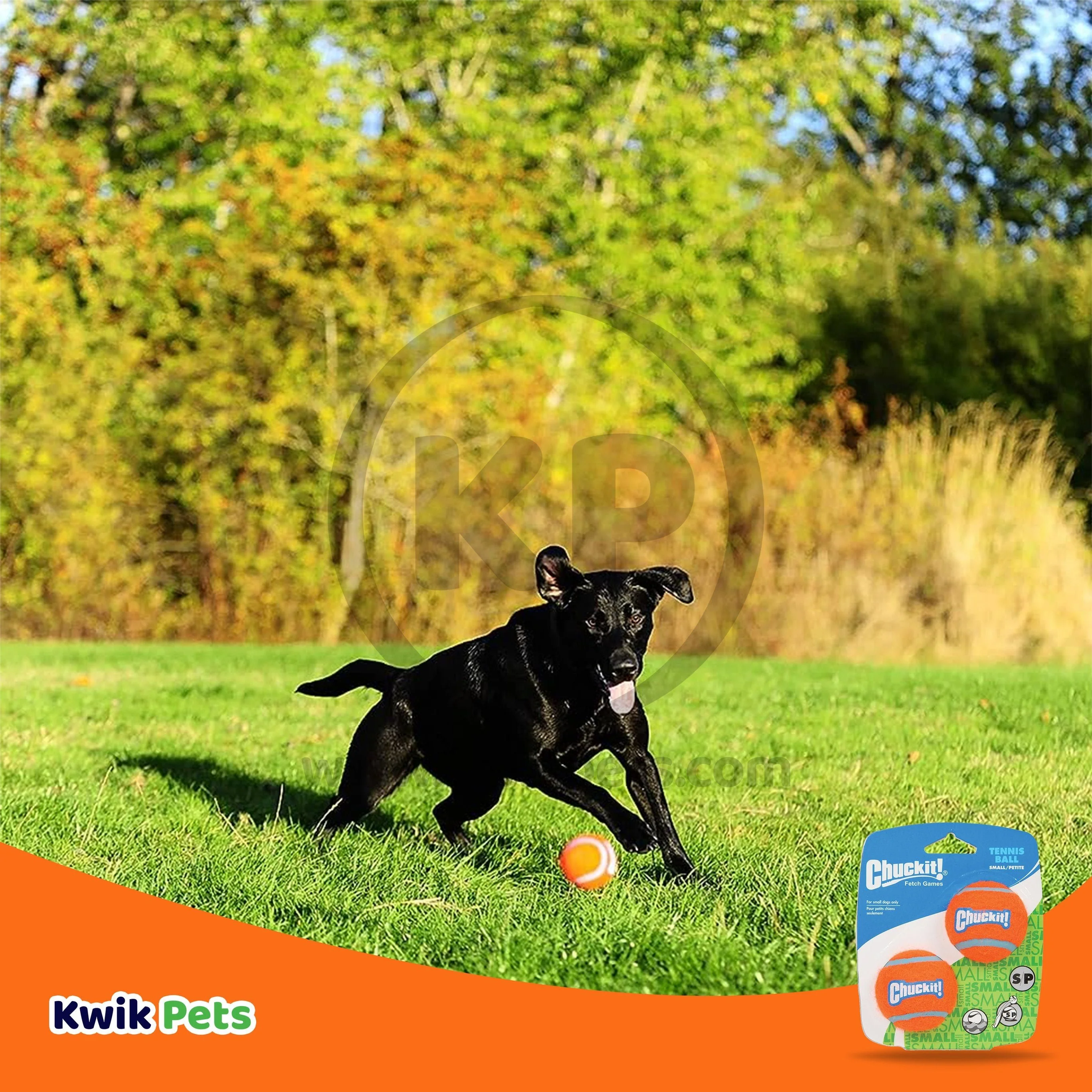 Chuckit! Tennis Ball Dog Toy Shrink Sleeve Blue/Orange Small 2 Count - Image 5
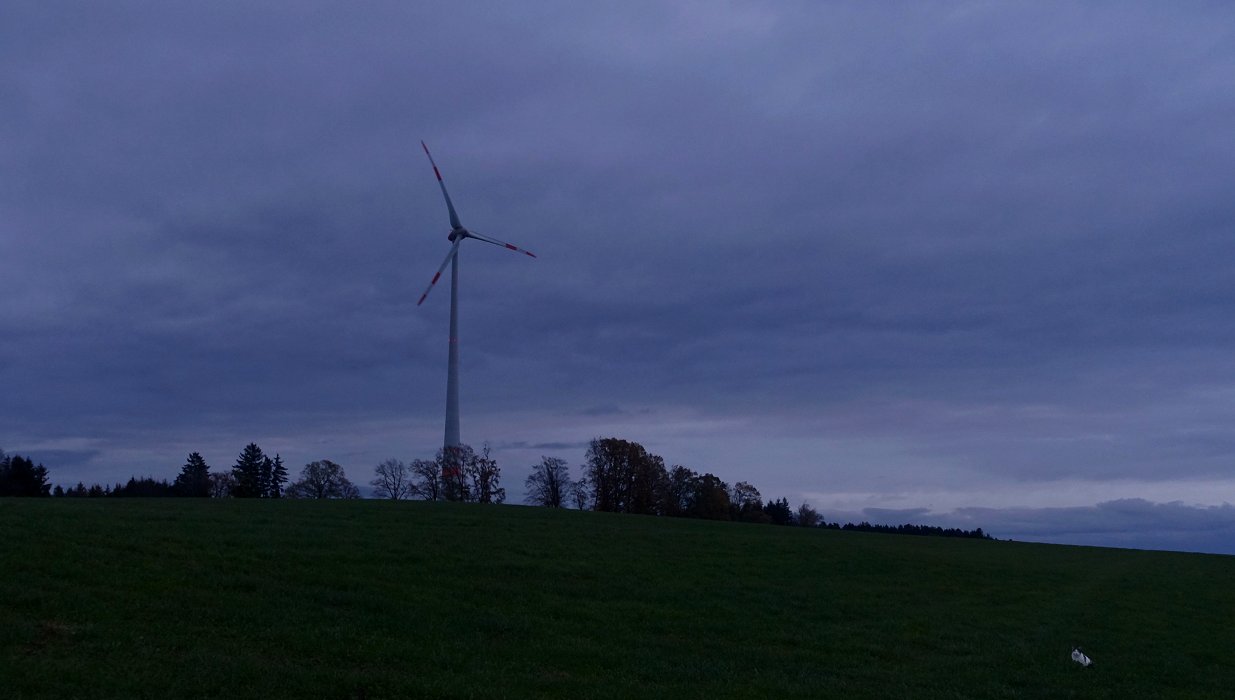 Fönen bis das Jammern einsetzt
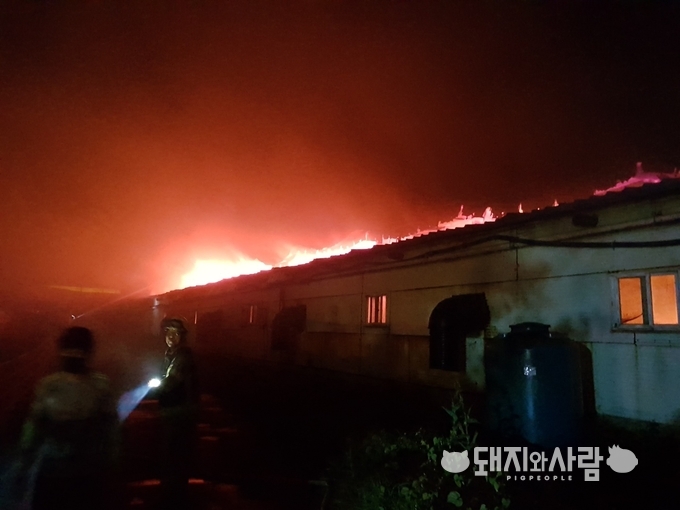 27일 충남 청양 돈사 화재(사진 제공: 청양소방서)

++++++

Every line above should be copied exactly; do not carry over the pictures.

 Chuckit! Tennis Ball Dog Toy Shrink Sleeve Blue/Orange Small 2 Count - Image 5
 Fönen bis das Jammern einsetzt
 27일 충남 청양 돈사 화재(사진 제공: 청양소방서)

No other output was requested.